Archive for the 'stubbornness' Category

Taking something back, or sharing?

March 19, 2014

There’s this spiritual story about an adolescent who really feels strongly that a grown man has stolen from her her jewels.  He feels equally convinced she has robbed him of something equally valuable, namely, something required to maintain his stature and status in the community.

So how to restore equilibrium?

There’s an attempt, which doesn’t succeed, in which he returns something and she returns something, but they both accuse the other of returning a false approximation of what was stolen.

There are attempts at partial returns, there are empty promises, there are claims nothing was stolen — lots of adversarial attempts to restore without actually completely participating.

In the meantime, they are each using some “ill-gotten gain” from the other to try to maintain themselves.  They each end up in situations in which they are ill-equipped in some way, and this does not serve the greater good, either.

A lot of the trouble reconciling was probably a trust issue — “If I give to you, will you really give to me or will it just be throwing good money after bad, as they say?”
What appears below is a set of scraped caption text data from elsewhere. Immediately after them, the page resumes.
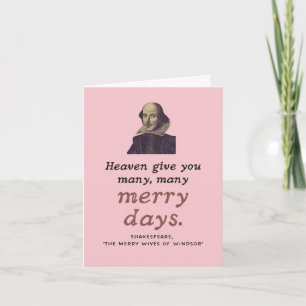 Cute Shakespeare Merry Days Theater Pink Birthday Kaart
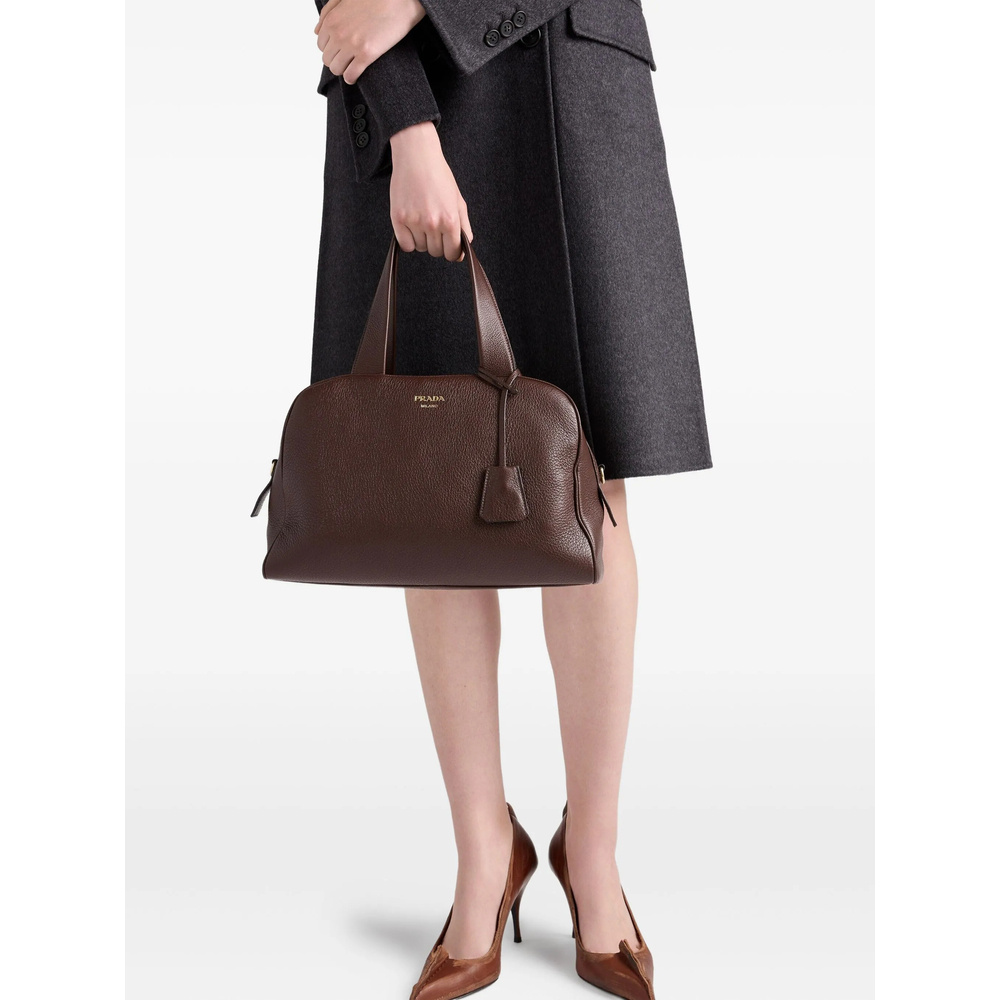 Prada Zipper Shoulder Bag In Brown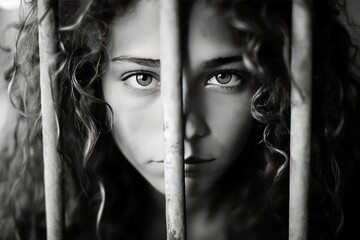 Portrait of a female prisoner staring intently into a cell behind the bars of a prison cell. Women's colony - obrazy, fototapety, plakaty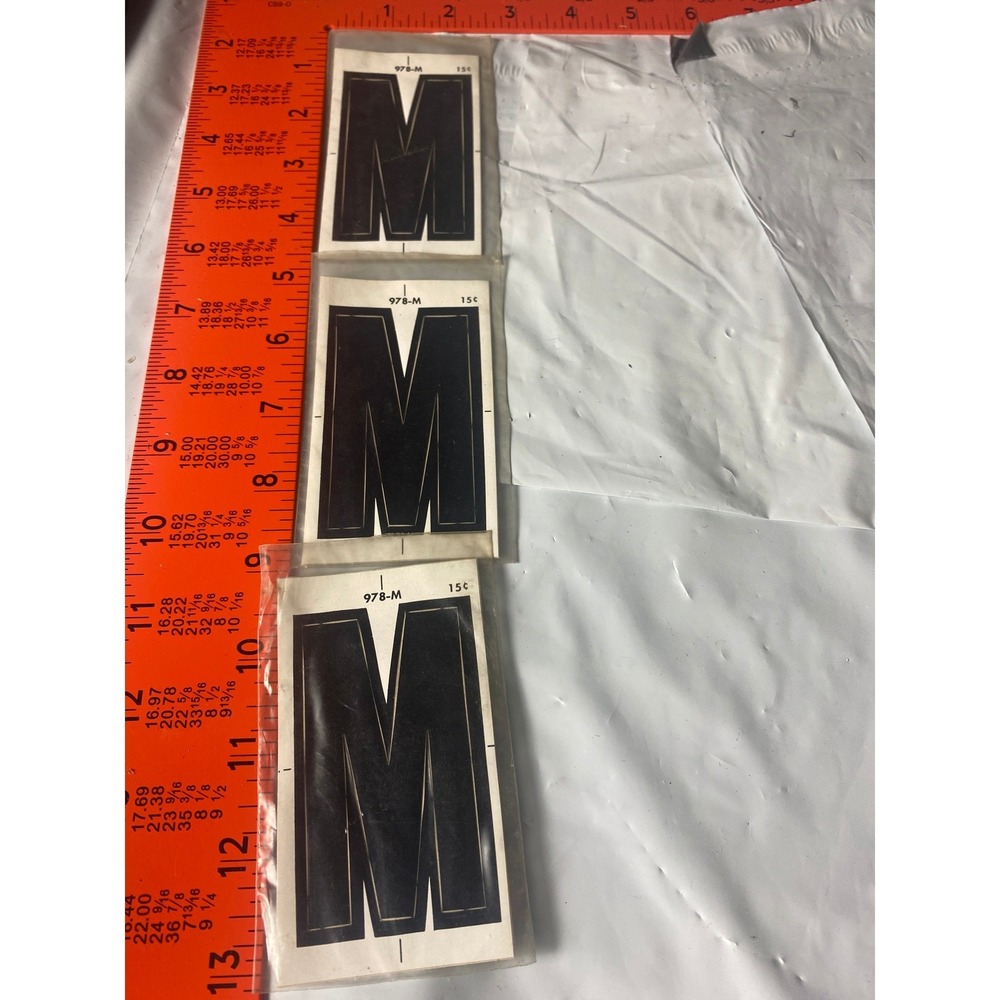 Vintage Meyercord Kwik-Space Letter W Black Self-Stick NOS 976-W 977-W 978-W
So here’s how it got resolved:  they both were agreeable with sharing with a disinterested third party, and through something like the mathematical transitive principle or something like a concept of mixing cooking ingredients, eventually they both ended up with a portion of what they felt they were missing.  What they shared with the intermediary included the “stolen good,” and through sharing with the intermediary, they had access again to what they considered the good stolen by the other.

Footnote:  disinterested third party did not have an easy time of it, as they were often treated as if they were actually the other person in the dispute.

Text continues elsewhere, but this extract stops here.